Iruñea Capital S.A.
“El futuro ‘Edificio Zara’ tendrá
cinco plantas de oferta textil y pisos de lujo en las superiores”
“Vecinos del Casco Viejo
organizan una charla y una concentración contra el hostel de Unzu”
“División entre los grupos ante
la posible instalación de Ikea”
(Titulares de prensa)
Chiquita y
apañada, así era como definían nuestra vieja Iruñea los Tijuana. Pero, ¿pa’ que
quieres más?, apostillaban. Hoy, lamentablemente, parece que podemos dar
por extinguido ese saludable gusto por lo pequeño.
Ha cambiado
mucho nuestra capital desde aquellos últimos años
80: variantes, parkings subterráneos, grandes superficies, centros comerciales,
espacios para el ocio y el espectáculo de masas como Baluarte o Navarra Arena,
surgimiento del fenómeno turístico, nuevos núcleos de población en la comarca,…
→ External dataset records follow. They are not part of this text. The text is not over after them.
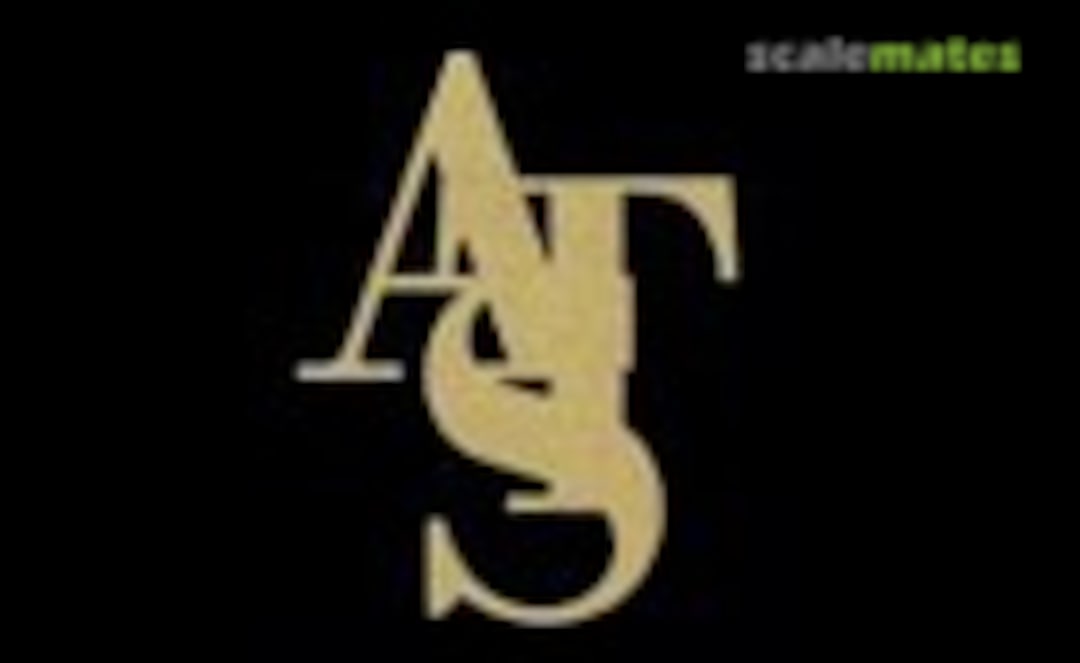 1:24 Tamiya Nissan Skyline 2000RS Mechanical Parts Set (Acu-Stion ACS8286) ACS8286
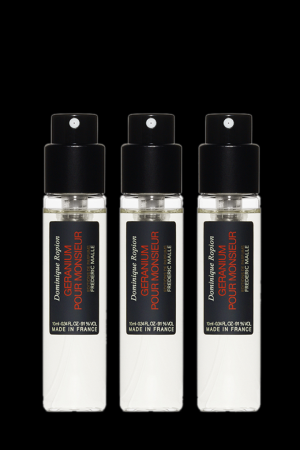 Frederic Malle GERANIUM POUR MONSIEUR Men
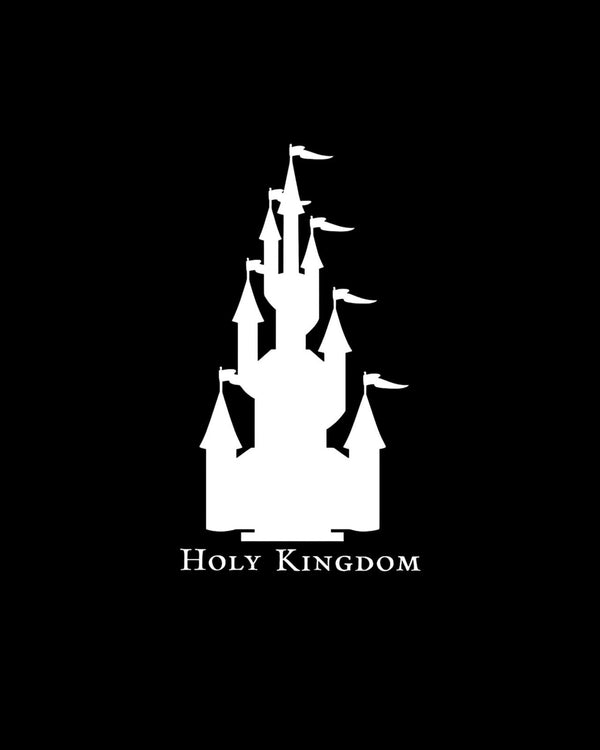 Holy Kingdom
Paralelamente hemos visto desaparecer pequeñas tiendas de barrio, puestos en los
mercados municipales, salas de cine o librerías; también, cómo se han
empobrecido los movimientos vecinales así como las relaciones personales y se
han universalizado nuestras formas de ocio y diversión, deteriorando nuestro
modelo festivo.
Todo ello no
sólo supone un cambio formal de la ciudad sino que conlleva una forma muy
distinta de vivir en la misma, pues una ciudad que mercantiliza su espacio
público define las relaciones sociales en función del lucro y de la capacidad de
consumo en lugar de la convivencia o la cultura. Se avanza así a una ciudad
escindida y poco cohesionada en la que conviven la exclusión con la opulencia,
la precariedad laboral con un consumo desbocado, las zonas saturadas de
hostelería con los barrios-dormitorio o las casas vacías con los desahucios.
Todo este
fenómeno es considerado por la práctica totalidad del espectro político como
inexorable, por un lado y, por otro, como un bien, pese a sus efectos
secundarios nocivos. Tanto a nivel institucional como de calle, toda iniciativa
que tienda a la grandiosidad y empuje el desarrollismo parece gozar de una más
que buena aceptación. Por ello, es necesario escuchar y valorar aquellas
iniciativas populares y vecinales que buscan construir una ciudad en la que se
pueda vivir. En este sentido, recientemente hemos podido escuchar la
reivindicación de un paso seguro entre Orkoien e Iruñea o el rechazo a la
gentrificación en el casco viejo.
Por otra
parte, es conveniente señalar el potencial de denuncia y de iniciativa (tanto en
la práctica como en lo discursivo), que contiene el movimiento okupa en la
ciudad. Se han recuperado espacios abandonados, en absoluto desuso, para llevar
a cabo en ellos proyectos colectivos en los que la juventud puede practicar unas
relaciones horizontales, igualitarias y solidarias que ni el mercado ni un marco
legal a él supeditado les posibilitan. Han sido capaces de desobedecer a lo
inexorable del progreso y la modernidad, lo que supone una aportación,
ofreciendo una forma de imaginar nuevas posibilidades frente a esa ciudad gris,
hecha de cemento, gasolina y tarjeta de crédito.
Debemos tener
en cuenta que hay decisiones difícilmente reversibles y cuando se trata de
modificar el espacio público, los cambios que se introducen son duraderos y por
este motivo exigen una reflexión previa. Ahora que nos llega (nos traen), Ikea,
Zara a nivel macro, el Hostel de Unzu,… se trata de inclinar la balanza al lado
de la mesura, de entender que todos estos proyectos no van a hacer otra cosa que
precarizar nuestras formas de vida a nivel urbanístico, laboral, comercial y
vecinal. Se trata de recuperar el gusto por lo chiquito y apañado, para todos y
todas vivir mejor, mucho mejor.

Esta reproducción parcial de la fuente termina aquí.